▶ **Stored items from a collection**:
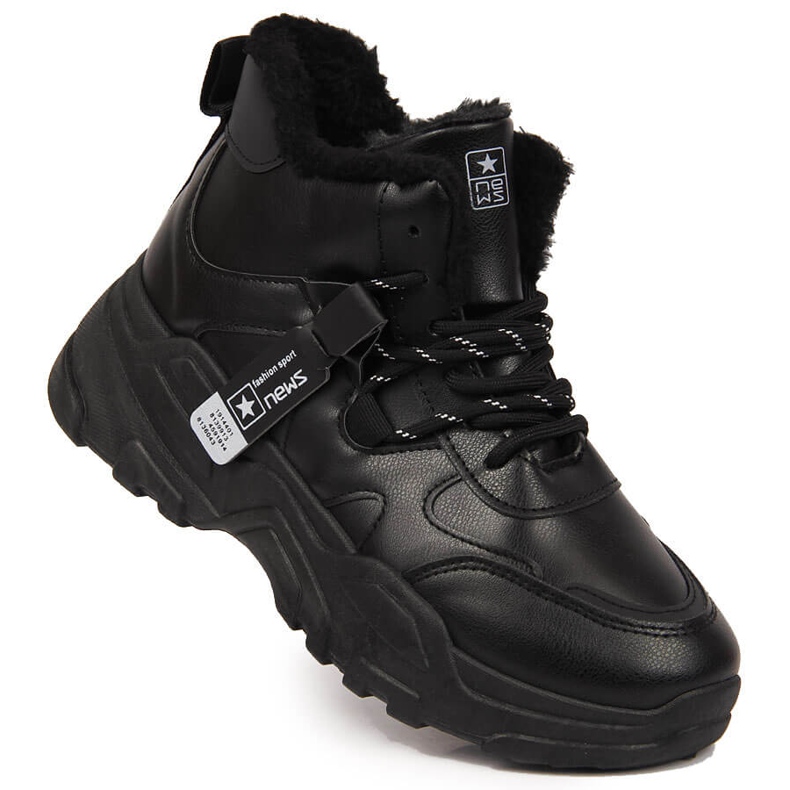 News Tênis feminino com isolamento e botas de neve pretas preto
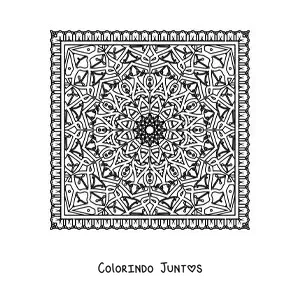Desenho para colorir de mandala quadrada difícil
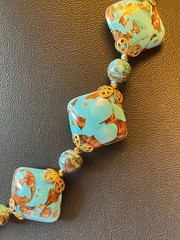 VTG Made In Italy Venetian Glass Turquoise Blue Aventurine 3-Piece Jewelry Set –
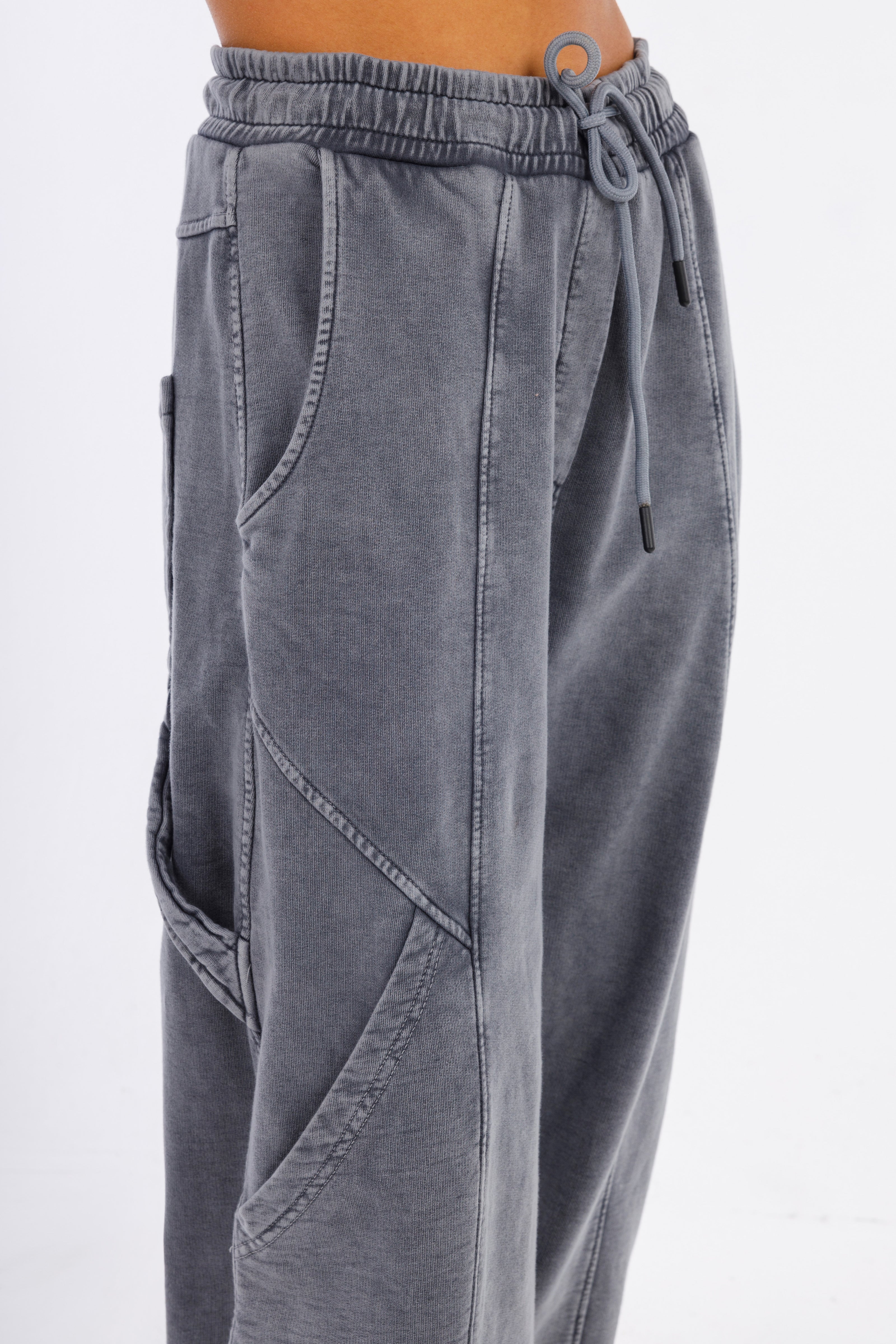 Light Grey Melton Pigment Pants Elastic Waist-W24050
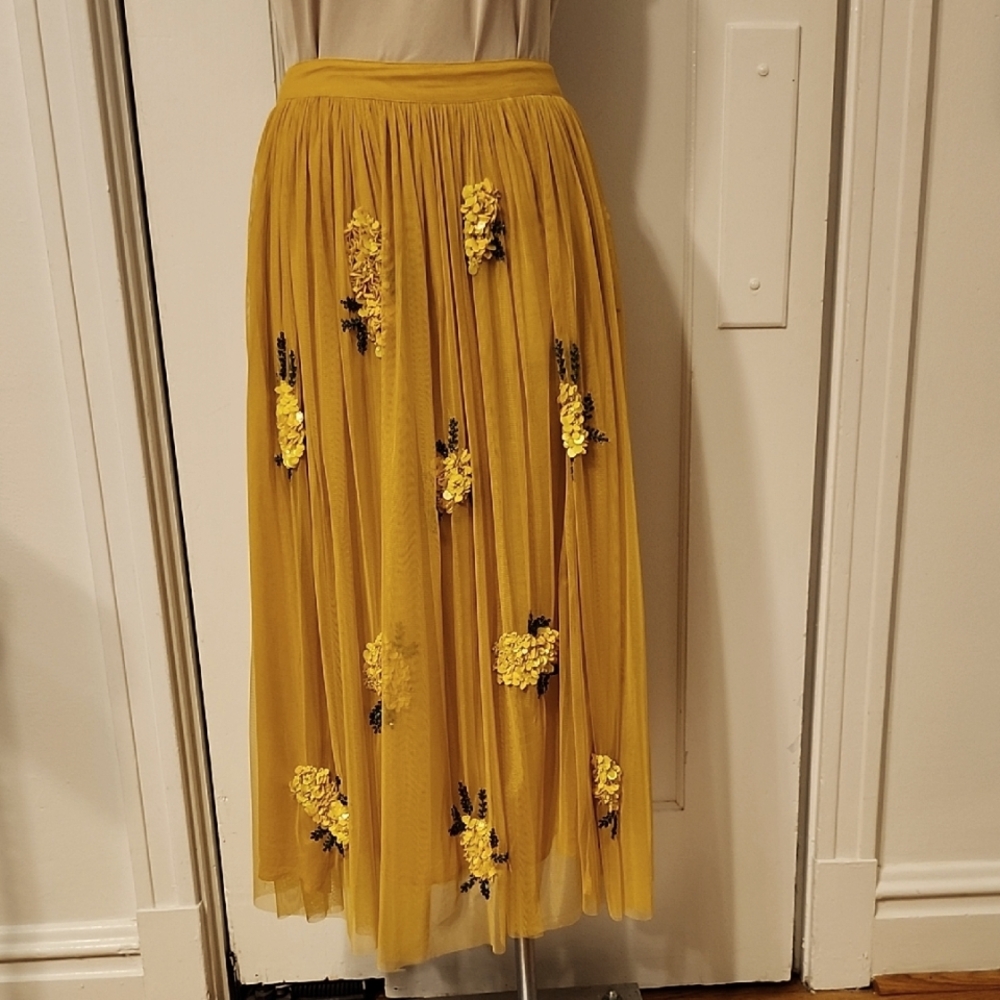 Maeve for Anthropologie Mesh Skirt with Sequin Applique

▶ **What the task asks**: Give every entry above again, exactly, and keep all pictures out of it.

▶ **The answer**:
 News Tênis feminino com isolamento e botas de neve pretas preto
Desenho para colorir de mandala quadrada difícil
 VTG Made In Italy Venetian Glass Turquoise Blue Aventurine 3-Piece Jewelry Set –
 Light Grey Melton Pigment Pants Elastic Waist-W24050
 Maeve for Anthropologie Mesh Skirt with Sequin Applique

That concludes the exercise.